The ruble rebounded by about 10 per cent yesterday after the Finance Ministry announced that it bought rubles, which have lost 47 per cent this year against the dollar. That came a day after the central bank raised its key interest rate to 17 per cent from 10.5 per cent to stem the rout.
Analysts differ on whether Russia, in its current state, would even qualify for IMF aid.
"The IMF would provide aid only to countries that have a balance of payments issue, and Russia doesn't," said Lubomir Mitov, chief economist for emerging Europe at the Institute of International Finance in Washington.
Russia asking for IMF help is "off the table".
"Russia's not the same country that it used to be in 98, 99", when foreign-exchange reserves were as low as US$11 billion, compared with about US$374 billion now.
The level of reserves has dropped from US$470 billion at the end of 2013, as Russia reduces its stockpile to defend the currency.
Russia is in a "classic emerging-country crisis, almost of a textbook variety", said Alessandro Leipold, a former IMF official. "A currency collapse and capital flight caused primarily by a commodity price shock."
In such cases, "recourse to the IMF, and a likely debt restructuring, would be the archetypical response".
The possibility of Russia requesting a rescue package "any time soon" is zero, Leipold said.
"Putin will not ask, and nobody will prod him to do so."
Simonetta Nardin, a spokeswoman for the Washington-based IMF, said the fund "is closely monitoring developments in the foreign-exchange markets in Russia".
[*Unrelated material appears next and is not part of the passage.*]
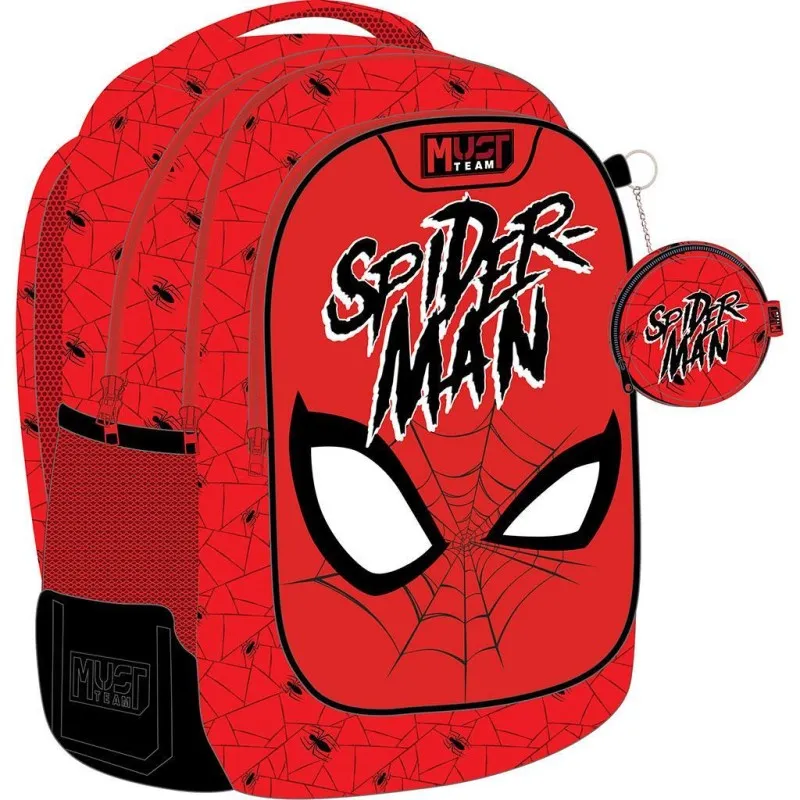 Diakakis - Τσάντα Πλάτης Δημοτικού Must 3 Θήκες, Spider-Man, Web 508746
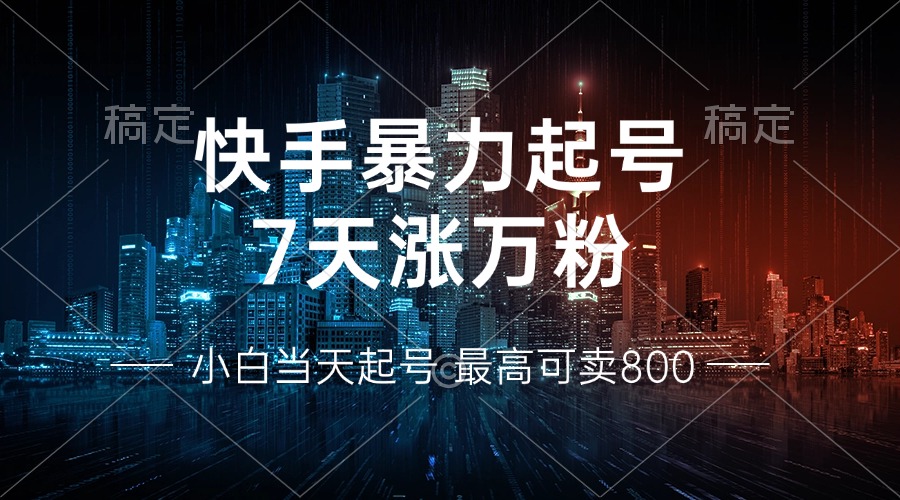 快手暴力起号，7天涨万粉，小白当天起号 多种变现方式，账号回收，单月…-test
She declined to elaborate.
White House spokesman Josh Earnest said on Wednesday that US President Barack Obama will sign legislation passed by Congress last week that authorises - but doesn't require - the US to put more sanctions on Russia's energy industry and provide arms and other lethal aid to Ukraine's government.
The spillovers from Russia's crisis to the US are likely to be small, Federal Reserve chairwoman Janet Yellen said yesterday.
Russia does "consult substantively and positively with the IMF, but Russia does not need the money", and any approach to the fund would face rejection, said Anders Aslund, a former economic adviser to Russia and Ukraine.
"The West has a majority in the IMF, the US alone has a veto, so Russia cannot get any money from the IMF."
Putin is scheduled to address the nation at his annual press conference today, as Russians rush to convert their money into dollars and buy durable goods amid concerns over hyperinflation and possible government currency controls. Yet any approach to the IMF for aid would be unexpected.
Asking the IMF for help is "completely impossible - it will never happen", said Clifford Gaddy, an economist specialising in Russia at the Brookings Institution in Washington, who was an adviser to the Russian Finance Ministry in the 1990s.
Gaddy said: "No more debt enslavement" has been a fundamental tenet of Putin's rule and foreign policy.
Q&A: Financial crisis
What is happening?
Russia's currency has lost half its value and investors are pulling out billions of dollars.
Why?
The country annexed Crimea, prompting the US and EU to impose sanctions. The price of its biggest export, oil, has plunged.
Will it ask for help?
The US has a veto and Russia has enough reserves, US$374 billion ($486 billion), not to qualify for an IMF bailout.
What happens next?
Putin is to address the nation today as Russians rush to convert money into dollars and buy durable goods.